Looks better but to me the paint appears very thick and a bit rough, normally it will go on quite thin and smooth, I normally have to apply a second coat, next time you use the paint perhaps add some thinners to it and see if you get a better result. 

 

Here's mine for comparison 

zD6BQbq.png

Posted
1 hour ago, gmrhodes13 said:

Looks better but to me the paint appears very thick and a bit rough, normally it will go on quite thin and smooth, I normally have to apply a second coat, next time you use the paint perhaps add some thinners to it and see if you get a better result. 

 

Here's mine for comparison 

zD6BQbq.png

Thanks! Do I need to redo them again or is there a way to fix them? Should I sand them or use paint thinner to smooth them out? A second coat? Clearly, I’m not good at this. 

Posted
9 minutes ago, cnsf said:

Thanks! Do I need to redo them again or is there a way to fix them? Should I sand them or use paint thinner to smooth them out?
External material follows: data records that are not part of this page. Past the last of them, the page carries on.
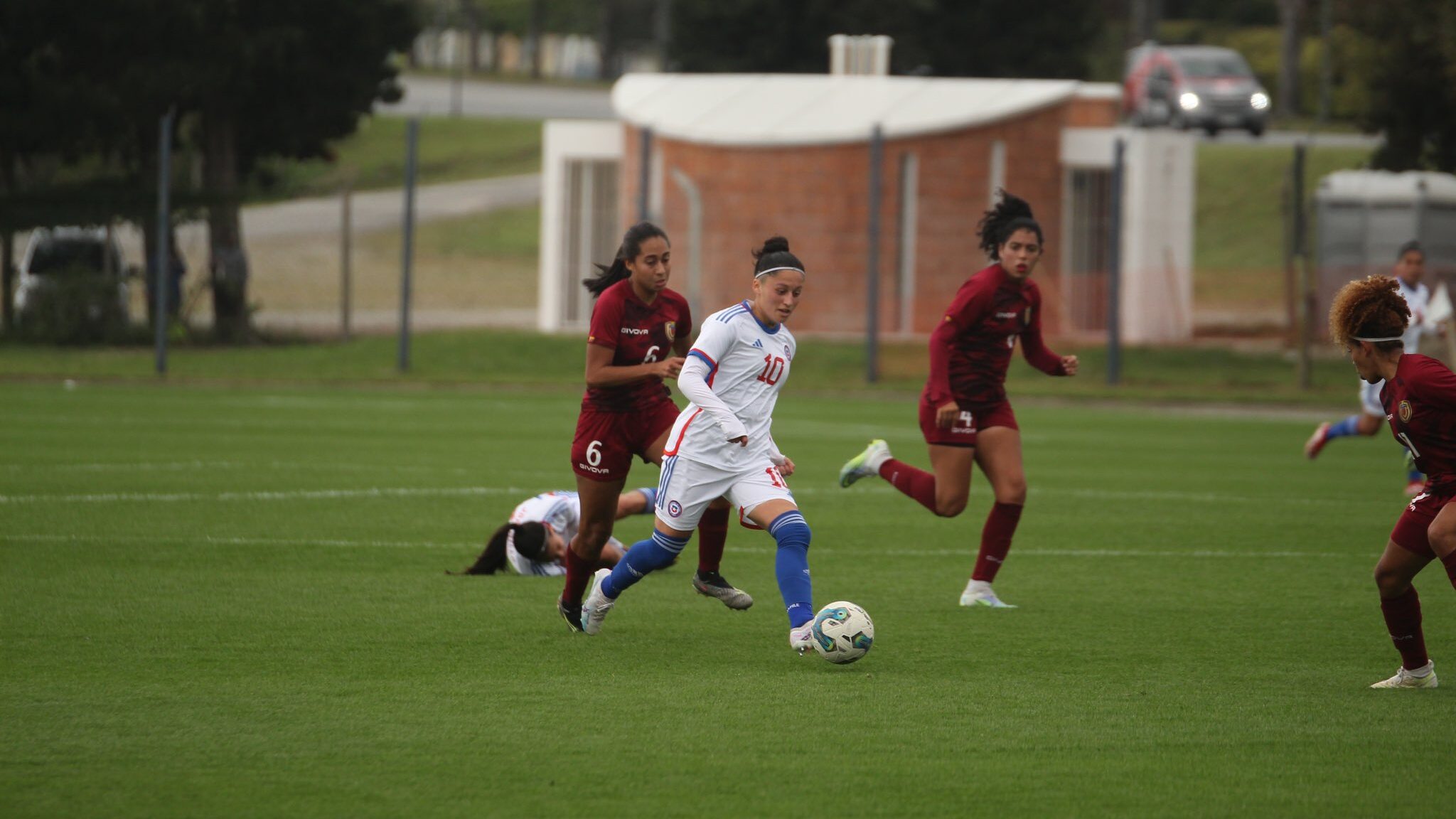 La Roja Sub-19 derrota con comodidad a Venezuela en la Liga Evolución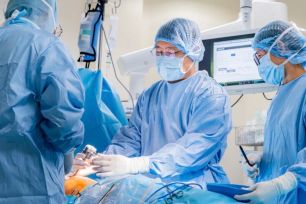 Robot phẫu thuật thành công cho bệnh nhân ung thư 72 tuổi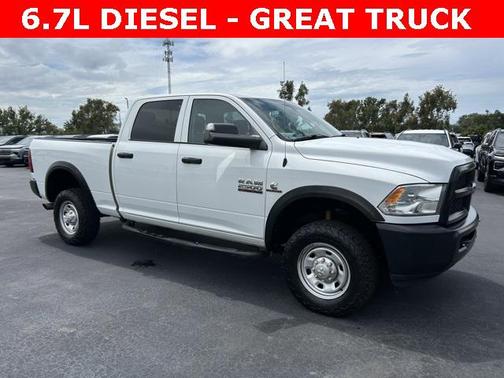2017 RAM 2500 Tradesman Crew Cab 4x4 6'4' Box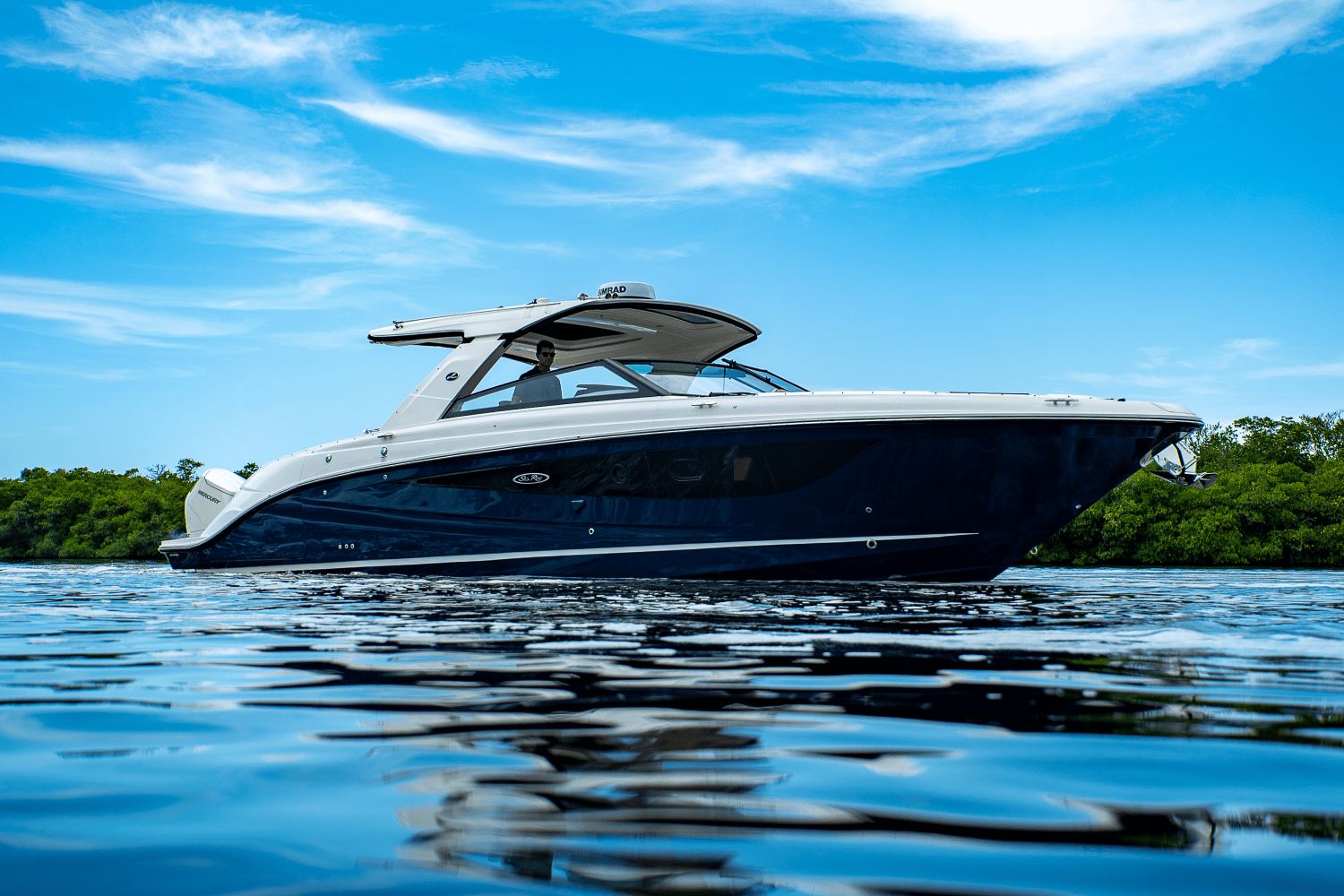 2025 Sea Ray SLX 400 Outboard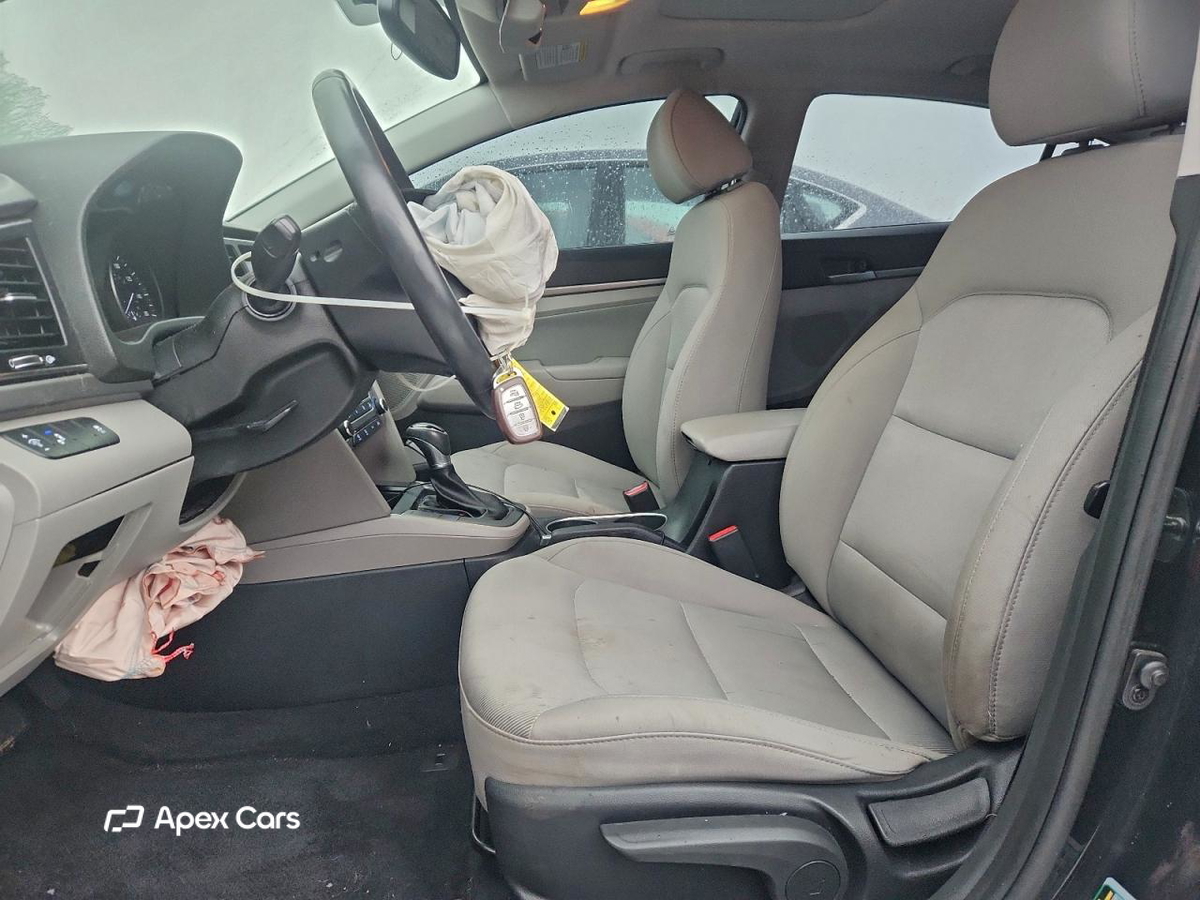 Hyundai Elantra 2018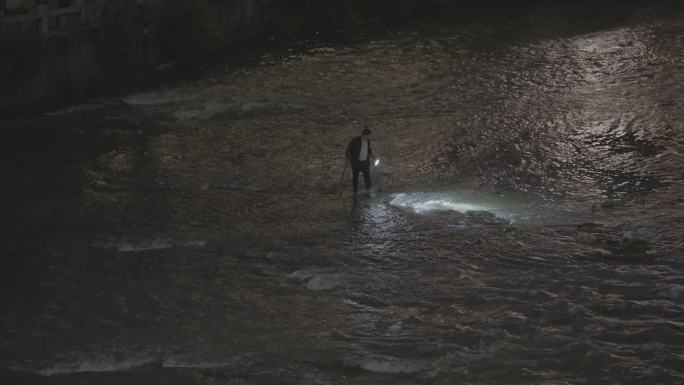 夜晚河道中打捞灰片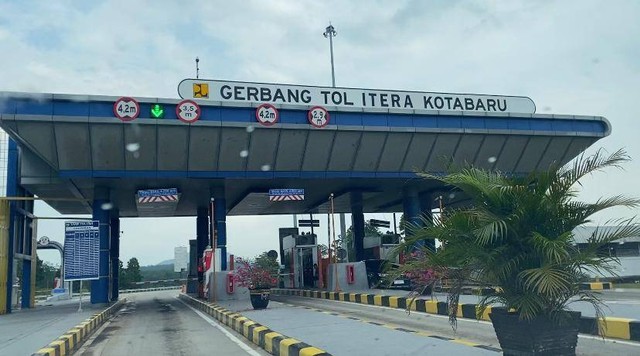 Gerbang tol ITERA Kota Bandar. | Foto: Sinta Yuliana/Lampung Geh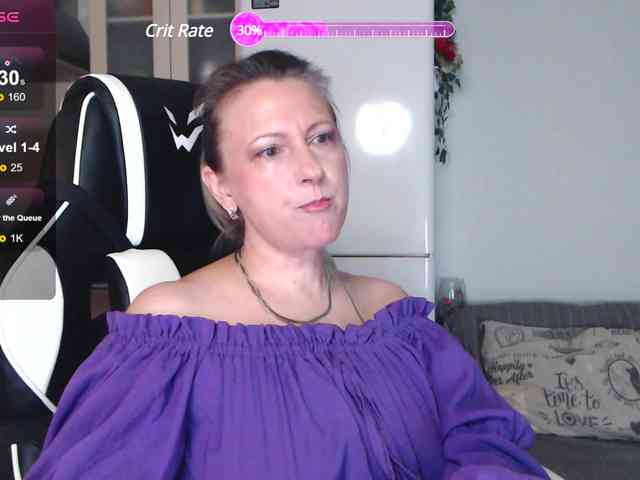 LoveSuperGerl webcam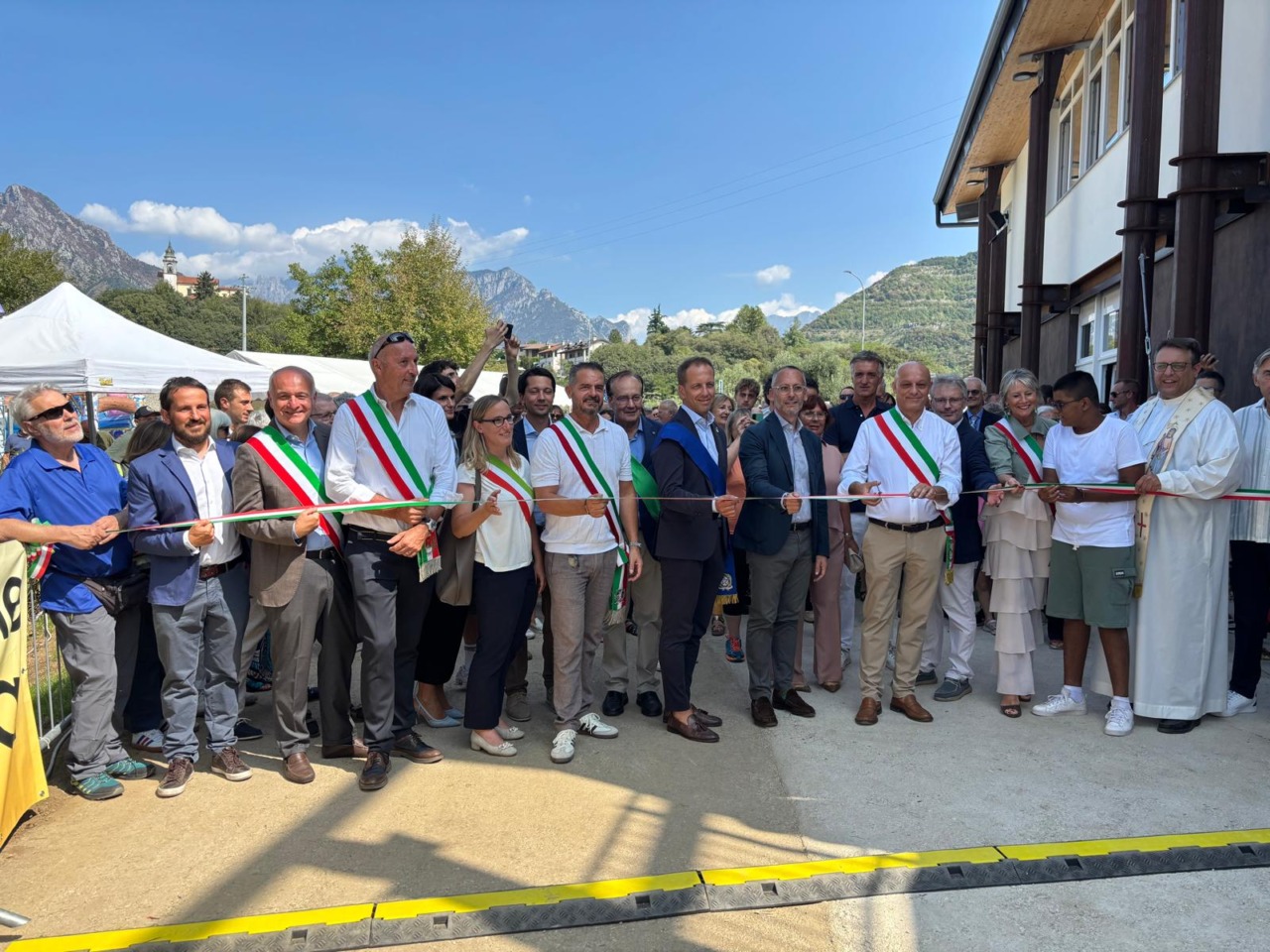 Isella, inaugurata la Porta dei Laghi: “Un luogo dalla doppia anima, tra associazionismo e iniziativa privata”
A second coat? Clearly, I’m not good at this. 

They do look a little rough to me but hopefully one of the @Deployment Officer Team will chime in. 

 

I would not build up the paint anymore it will just make it look worse. I wouldn't sand either as you will scratch the gloss finish of the plastic. I normally use rough automotive buffing compound to clean off any mistake paint or mineral turpentine which is a little more gentle than using thinners, which could also damage the plastic depending on what type of thinners you are using. 

Posted
52 minutes ago, gmrhodes13 said:

They do look a little rough to me but hopefully one of the @Deployment Officer Team will chime in. 

 

I would not build up the paint anymore it will just make it look worse. I wouldn't sand either as you will scratch the gloss finish of the plastic. I normally use rough automotive buffing compound to clean off any mistake paint or mineral turpentine which is a little more gentle than using thinners, which could also damage the plastic depending on what type of thinners you are using. 

I used mineral spirits for the gray paint to remove it and isopropyl alcohol for the blue paint.